I'm no economist, so take this with a grain of salt; but my guess is that it comes down to economic differences between the products.
Intel, AMD, ATI, NVDIA all design and produce high end integrated semiconductors. Designing and fabbing chips requires a fairly small number of skilled workers and some massively expensive hardware(Chip fabs are in the billions of dollars these days). Places like north america (Intel) and Germany (AMD) are good for Fabs; because those cost a fortune no matter where you build them, so it makes sense to put them near concentrations of highly skilled workers, universities, etc.
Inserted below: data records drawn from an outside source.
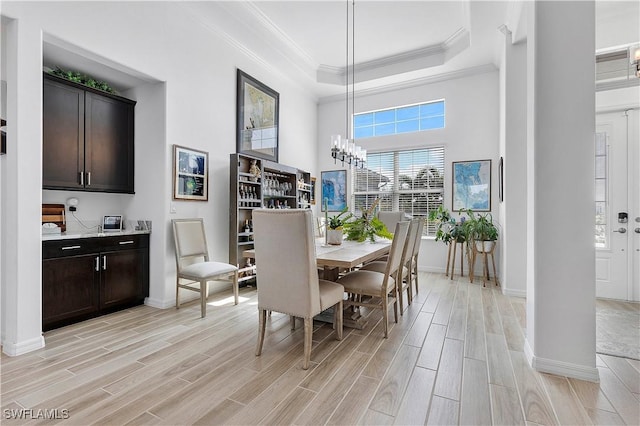 dining area with crown molding, baseboards, and wood finish floors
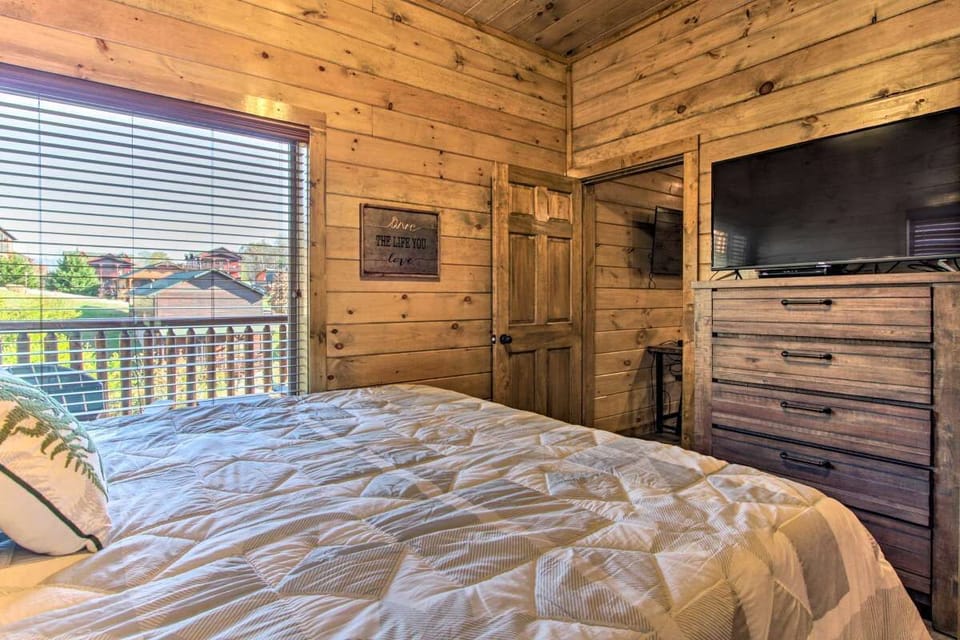 Another view of bedroom with with a large window and 43" smartv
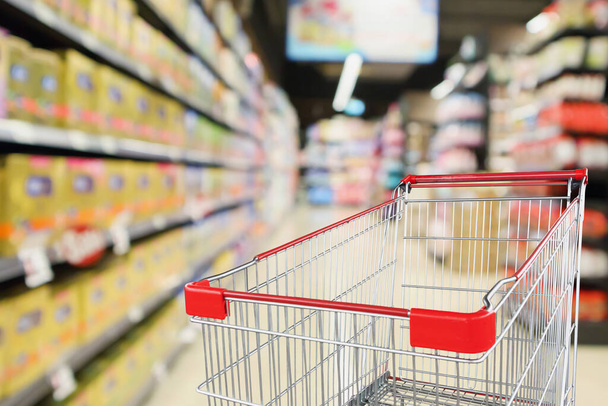 Empty shopping cart with abstract blur supermarket discount store aisle and baby milk product shelves interior defocused background - Photo, Image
Chip packaging and similar ancillary tasks are usually outsourced to other countries(malysia packages a huge number of chips).
Manufacturing motherboards, 3d cards, cases, barebones, etc. requires a small number of skilled EEs, and Tiawan definitely has their share; but also requires lots and lots of labor and manufacturing capacity. This makes nearby China a big asset.
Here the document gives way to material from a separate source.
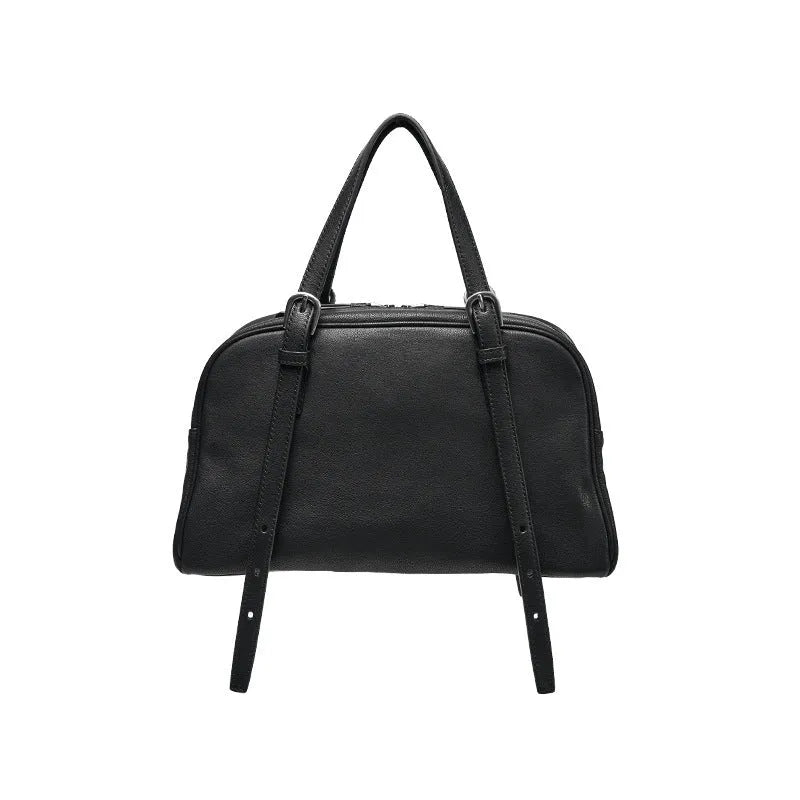 Women's black genuine leather retro shoulder bag showing horizontal square shape and double shoulder straps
Thus, we have the current situation, where high end semiconductors are designed in the US, Europe, and Japan, by residents of those countries and by talented expats from India, Taiwan, China, etc. Often fabbed on location for things like microprocessors, or fabbed in Taiwan or China for some things and packaged in malaysia.
The Taiwanese OEMs then design the boards that will carry the chips(or work from reference designs, depending on what segment of the market we are dealing with) and do the fabrication in China.